Ao longo do dia 16 de abril, cada acampamento teve a sua programação. No lado vermelho, uma série de políticos de esquerda visitou os manifestantes. Foi um dia e uma tarde de discursos, atos políticos, bandeiras de partidos e sindicatos, roda de samba, churrasquinho, almoço distribuído gratuitamente pelo Movimento dos Trabalhadores Rurais Sem Terra (MST) e um discurso inflamado de Luiz Inácio Lula da Silva.
Do lado verde e amarelo, nenhum ato político, nenhum discurso, apenas a confraternização entre os manifestantes em torno de uma praça ocupada por food trucks e o lançamento oficial de um automóvel de uma grande montadora, que contou com DJ, venda de pixulecos (a R$ 20, como disse mais de uma vez a vendedora ao cineasta) e bandeiras do Brasil.
A um dos manifestantes, trajando uma camiseta de Jair Bolsonaro e encenando para a câmera, entre risos, uma facada em um outro que vestia uma fantasia de Lula, o cineasta pergunta se, com a devida oportunidade, ele mataria mesmo o ex-presidente, de verdade. Ele pensa um pouco e responde: "Mataria". Pensa mais, volta atrás, diz que Lula deve ir pra prisão. "A morte, para ele, é muito pouco". Pode se ver abaixo, o vídeo já está no trecho narrado.
Na noite do dia 16, a que antecedia a votação do impeachment, do lado vermelho, houve um ato político. No carro de som, entre outros, uma dirigente da União Nacional dos Estudantes (UNE) discursou. Depois, foi a vez do senador Humberto Costa (PT-PE). Falaram de desigualdade, da luta pela redução da pobreza e da esperança de que "não vai ter golpe".
No mesmo momento, do lado verde e amarelo, acontecia uma vigília e um ato ecumênico, os manifestantes portando velas. Em cima do carro de som, um senhor carregava uma estátua de Nossa Senhora Aparecida. No microfone, um pastor rezava um Pai Nosso e pedia que Deus iluminasse os deputados no dia seguinte, para que eles pudessem livrar o "país da corrupção".
Havia mais pessoas do lado vermelho do que do lado verde e amarelo naquela noite. Ainda assim, antes de rezar, disse o pastor: "Hoje, no Brasil, não existem nós e eles, esses e aqueles. Hoje, só existe nós! 200 milhões de brasileiros, que esperam dias melhores!". Está abaixo.
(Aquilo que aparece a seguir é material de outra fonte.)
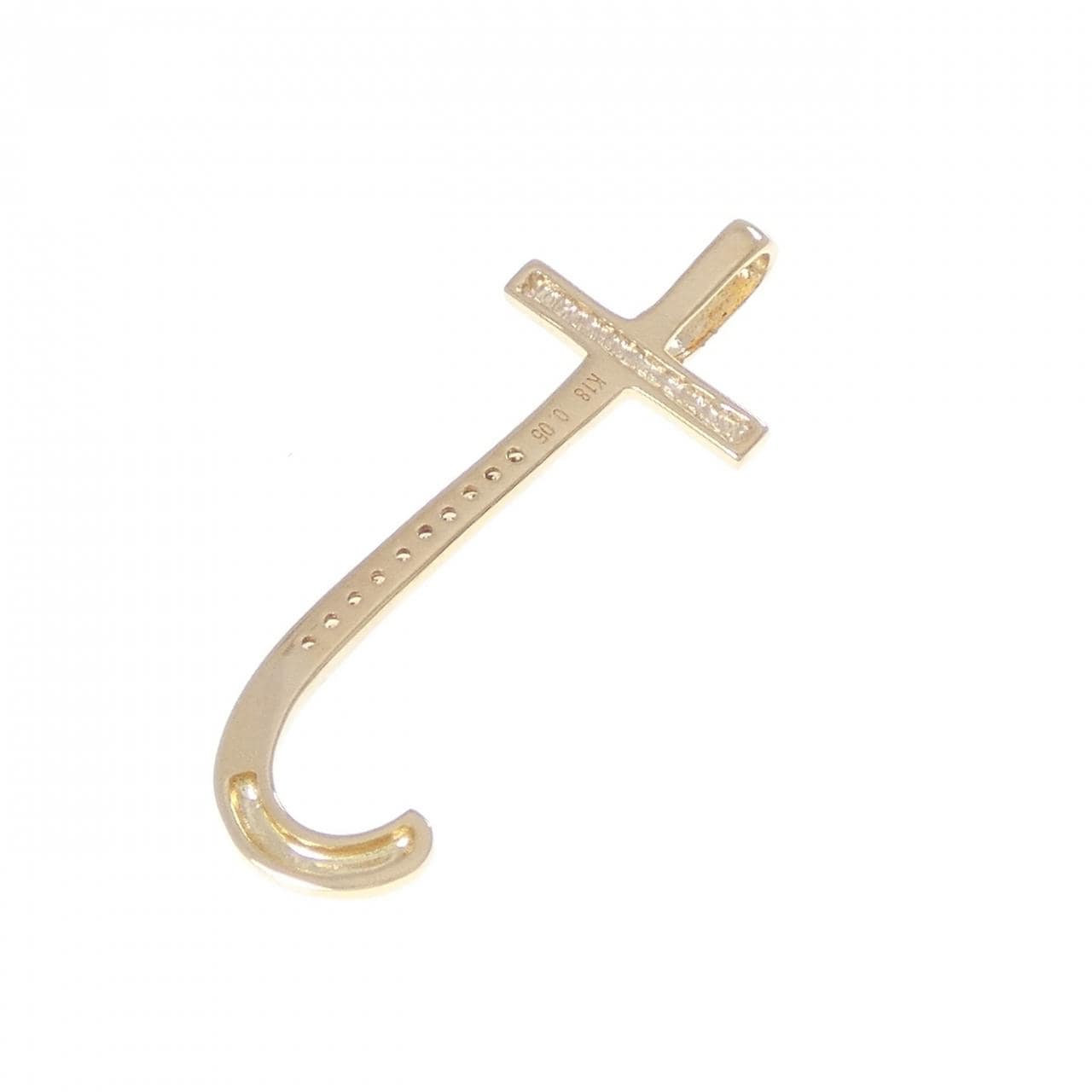 K18YG イニシャルJ ダイヤモンド ペンダント 0.05CT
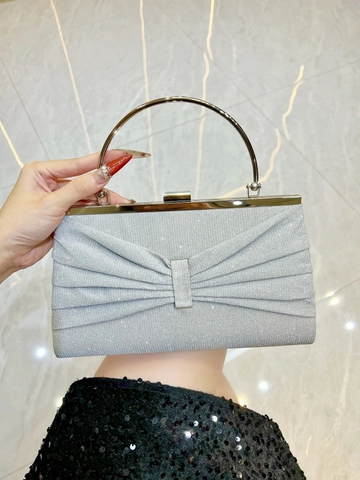 Bolso De Noche Brillante Con Asa Redonda De Metal Y Diseño De Lazo Plisado Para Mujeres Boda Fiesta Cena Bolso Elegante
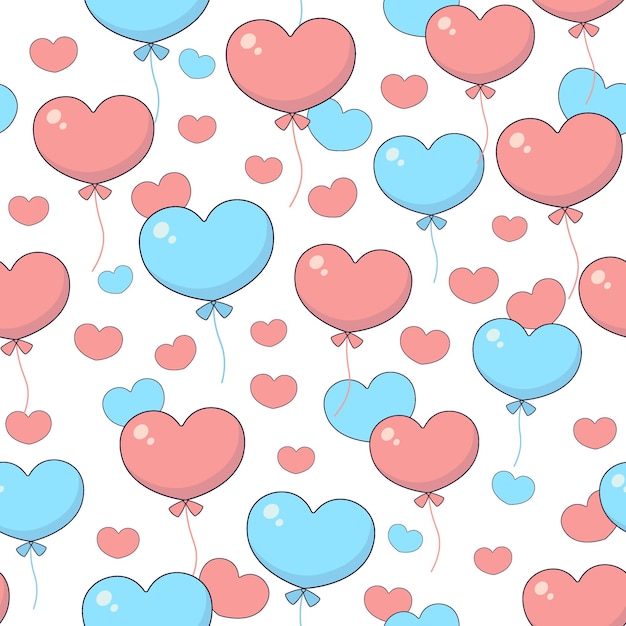 Los corazones y globos de colores crean un patrón alegre perfecto para celebraciones y decoraciones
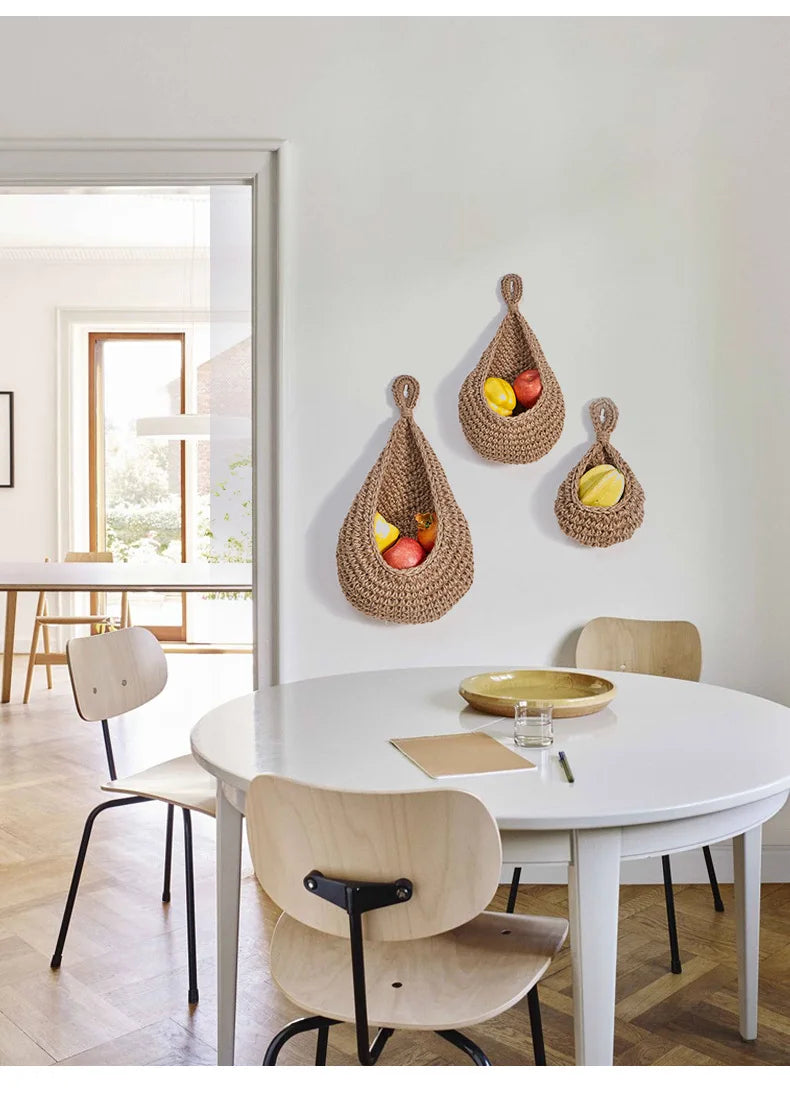 Handwoven Hanging Wall Vegetable Fruit Basket Organizer Container Decor for Kitchen Garden Mount Wall Plant Flower Onion Storage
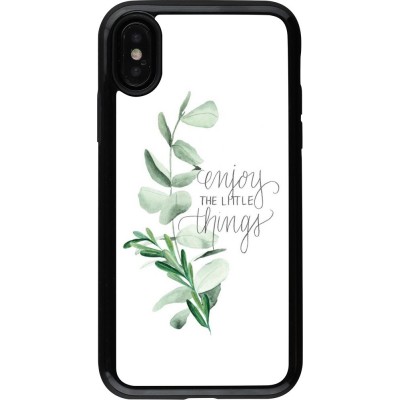 Coque iPhone X / Xs - Hybrid Armor noir Enjoy the little things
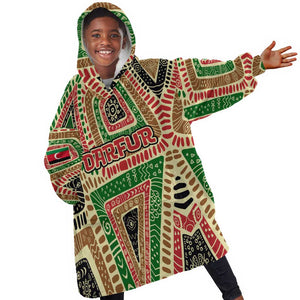 Darfur Sudan Kid Wearable Blanket Hoodie Red Green Beige Tribal Pattern - African Pride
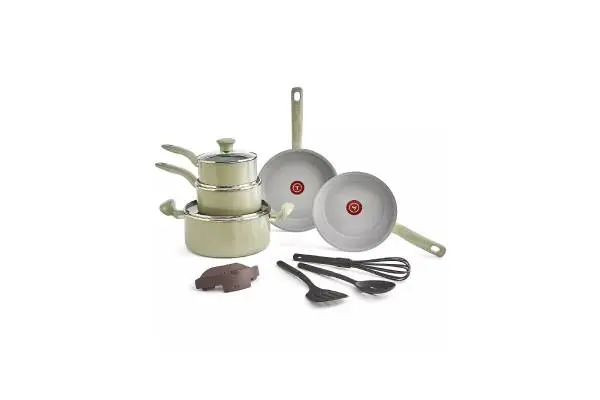 T-Fal Recycled Aluminum Ceramic 12-pc. Nonstick Cookware Set image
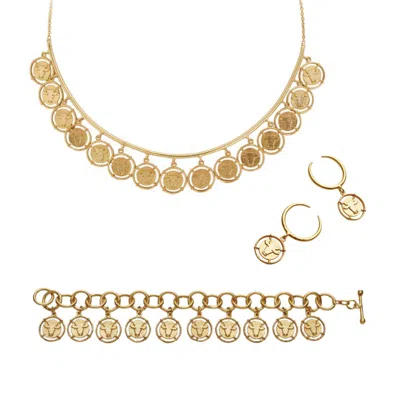Dhwani Bansal Women's Gold Inka Necklace, Bracelet And Midi Rings Gift Set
No dia seguinte, os manifestantes vermelhos foram em passeata pelas ruas de Brasília até a área a eles reservada em frente ao Congresso. Faixas de partidos, estrelas do PT, bandeiras do PSOL, grupos feministas, indígenas, sindicalistas, sem terra.
Do lado verde e amarelo, fardas militares, camisetas de Bolsonaro, da CBF, de Olavo de Carvalho e de Sergio Moro, e o Hino Nacional, entoado repetidamente. Por alguns, carregados de emoção, aos gritos, com o braço e a mão direitos estendidos, Salve o Brasil! Está no vídeo abaixo.
Durante a votação na Câmara, primeiro, comemoração e torcida dos dois lados. A partir de um dado momento, choro de um lado e festa do outro. Dentro do prédio do Congresso, aquilo que se viu, votos pela família, por minha família, por meus filhos, pela minha esposa, pela democracia, pela liberdade, pela Operação Lava Jato, contra a corrupção, o ensino de sexo a crianças nas escolas, a quadrilha lulopetista, o comunismo, a venezuelização do país.
Um deputado do rio de Janeiro, quando surgiu no telão, com um de seus filhos logo atrás, preparando-se para votar, um voto em que viria a homenagear a memória de Carlos Alberto Brilhante Ustra, "o terror de Dilma Rousseff", causou uma explosão de êxtase no lado verde e amarelo. Comemoração e gritos como em final de Copa do Mundo. Pode-se imaginar qual deputado era esse?
Hoje, quando passo pela mente todas essas imagens, essas nove horas a que assisti tantas vezes, me pergunto como não vi o que já estava acontecendo ali, onde aquilo deveria chegar e chegou.
O impeachment, a Operação Lava Jato, Sergio Moro, Olavo de Carvalho, Jair Bolsonaro, a antipolítica. Tudo já estava ali, em abril de 2016, junto, fundido, coeso, integrado, a mover as engrenagens do golpe, e depois a prisão de Lula, coroando o caminho trilhado com a eleição do atual presidente da República.
Que a História e os historiadores tenham mais capacidade de enxergar o óbvio do que eu tive.